Atualizado: 28 de jul. de 2023

Ingrid Macedo



O autor da frase do título é Fabrício Titiah, ativista, escritor e comunicador indígena do povo Pataxó HãHãHãe, e a dívida a qual Fabricio se refere é a violência colonial histórica sofrida pelo seu povo, alvo do racismo institucional e estrutural do governo do estado. De fato, Antônio Carlos Magalhães (avô de ACM Neto) distribuiu títulos de propriedade em terras indígenas a fazendeiros entre 1978 e 1982, no segundo dos seus 3 mandatos como governador da Bahia.

Na imagem é possível ler: "ACM Neto e família têm uma divida impagável com o meu povo" e "Fabricio Titiah, uma das principais lideranças jovens do país faz criticas ao candidato ao governo da Bahia ACM Neto." O card de fundo preto e detalhes em grafismo (triangulações e traços retos) inclui, à direita, uma foto em preto e branco de Fabricio sentado no chão com as pernas cruzadas, enquanto usa um cocar e gesticula com as mãos.
Imagem: Reprodução Redes Sociais

Ao povo Pataxó HãHãHãe pertence a Terra Indígena Caramuru-Paraguassu, reservada pelo antigo Serviço de Proteção ao Índio (SPI), órgão federal que antecedeu a Fundação Nacional do Índio (FUNAI), por meio do Decreto 1916 - 09/08/1926. A área da reserva tem cerca de 54 mil hectares e se encontra em 3 municípios baianos: Camacan, Itaju do Colônia e Pau Brasil. Seus limites foram definidos com base em laudos periciais que atestam a presença dos nativos na região desde o século 17.

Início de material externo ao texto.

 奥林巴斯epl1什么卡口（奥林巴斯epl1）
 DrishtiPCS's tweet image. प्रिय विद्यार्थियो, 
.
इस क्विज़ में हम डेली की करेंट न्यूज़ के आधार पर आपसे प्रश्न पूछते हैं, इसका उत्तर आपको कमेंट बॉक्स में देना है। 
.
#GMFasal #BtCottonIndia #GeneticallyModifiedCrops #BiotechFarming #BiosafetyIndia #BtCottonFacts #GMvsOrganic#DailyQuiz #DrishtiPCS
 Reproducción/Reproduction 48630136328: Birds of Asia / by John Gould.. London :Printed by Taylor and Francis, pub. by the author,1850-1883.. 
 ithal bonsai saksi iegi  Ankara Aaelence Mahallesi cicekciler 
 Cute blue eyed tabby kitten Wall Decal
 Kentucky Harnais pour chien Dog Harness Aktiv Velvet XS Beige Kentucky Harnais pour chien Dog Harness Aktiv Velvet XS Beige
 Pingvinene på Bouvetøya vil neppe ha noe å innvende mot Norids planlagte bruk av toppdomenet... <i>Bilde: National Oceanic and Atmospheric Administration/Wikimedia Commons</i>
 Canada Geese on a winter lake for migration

Segundo o site Folha de São Paulo, em 7 de maio dos anos 2000, 52.100 hectares (96,11%) da reserva indígena Caramuru-Paraguaçu estavam sendo “administrados” por fazendeiros que pagaram pouco ou nada para receber "títulos definitivos" das terras, principalmente dos ex-governadores Roberto Santos (PMDB) e Antônio Carlos Magalhães (PFL).

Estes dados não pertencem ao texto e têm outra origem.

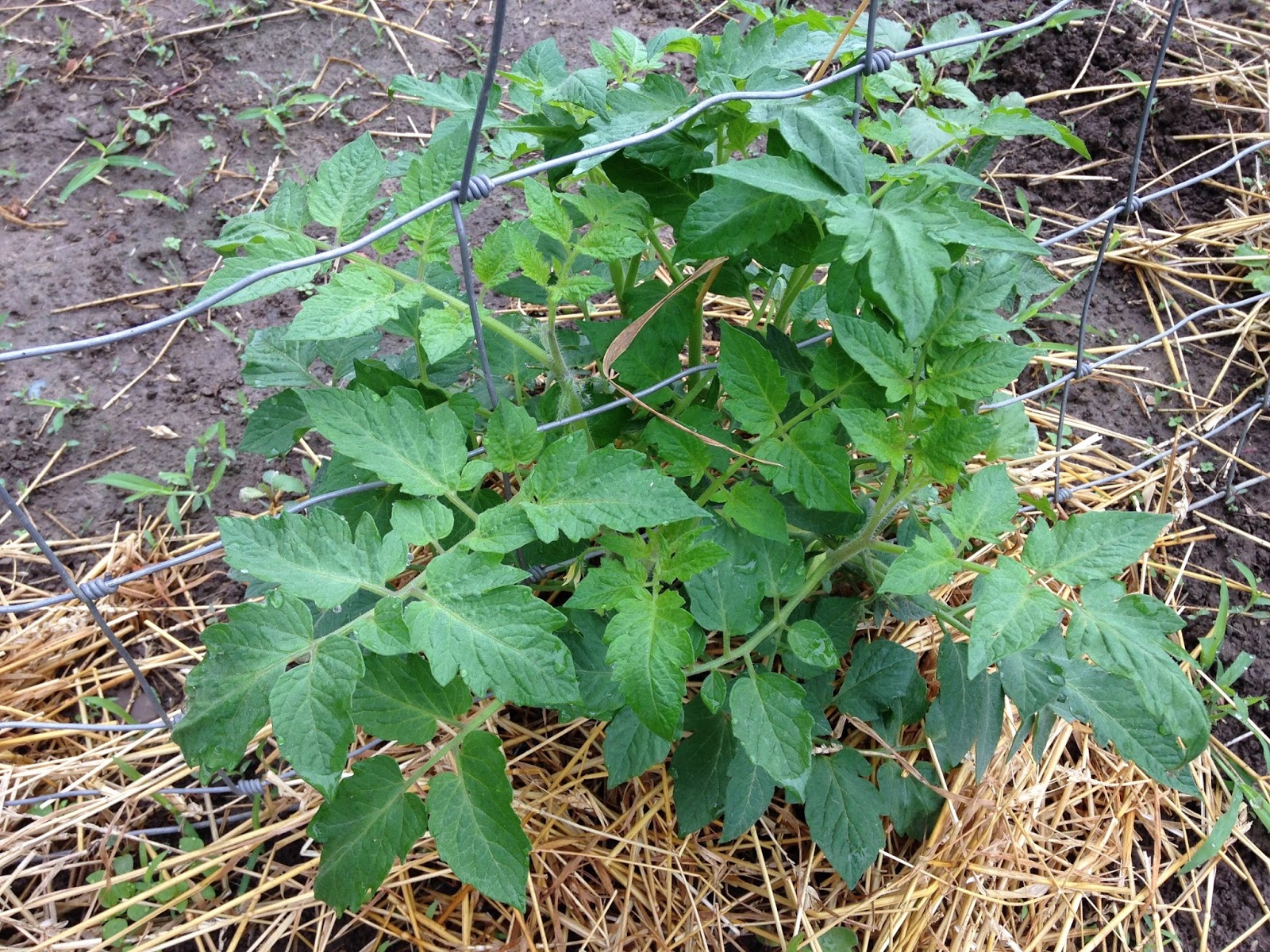 LL Farm A Fence For The Tomatoes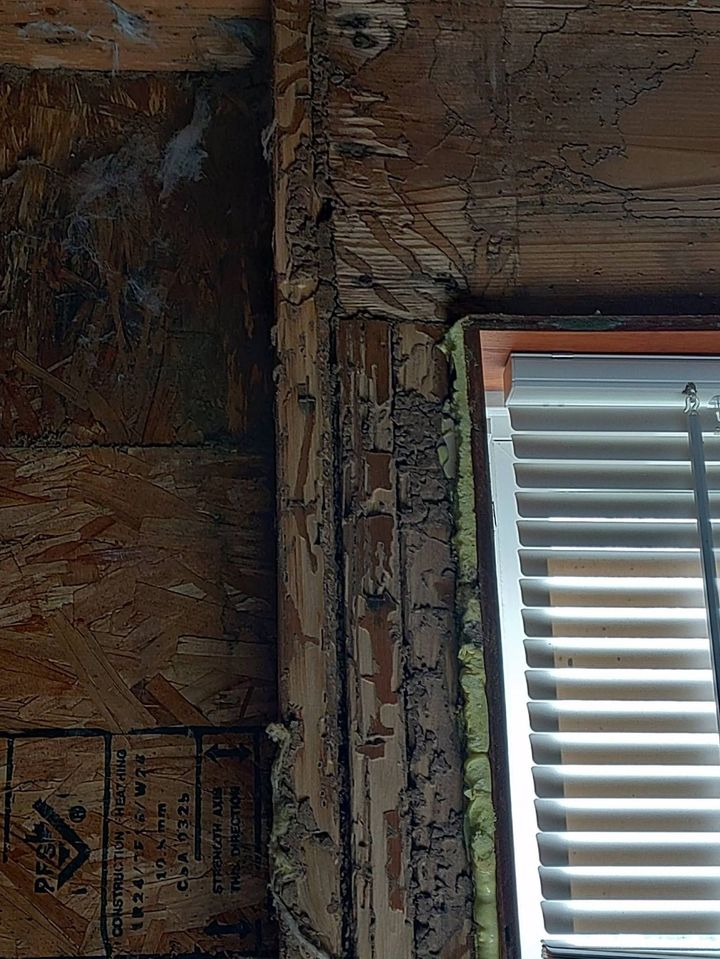Close-up of a textured wall beside a window with white blinds and wooden trim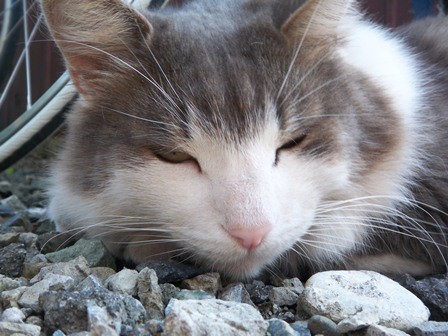 f:id:nagino:20110929121143j:image f:id:nagino:20110929121143j:image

O seguinte trecho faz parte da matéria publicada pela folha:

Benigno Azevedo, um dos fazendeiros agraciados por ACM, disse à Folha que recebeu os títulos em cerimônia feita em praça pública, no município de Pau Brasil, sul da Bahia.
"ACM deu títulos para mais de cem. Foi duas ou três vezes a Pau Brasil", afirmou. Segundo Azevedo, não há índios na área. "Isso (sustentar que há tribos na região) é coisa do PT, da CUT, da igreja, dos sem-terra", afirmou.

Na época, de acordo com dados oficiais, cerca de 2000 indígenas residiam na reserva, obrigados pela violência latifundiária a ocuparem apenas 3,89% da área total de seu território. Fato é que o arrendamento e a titulação sistemática da reserva iniciaram-se logo após a sua criação, visto que o próprio SPI assinou contratos de arrendamento das terras.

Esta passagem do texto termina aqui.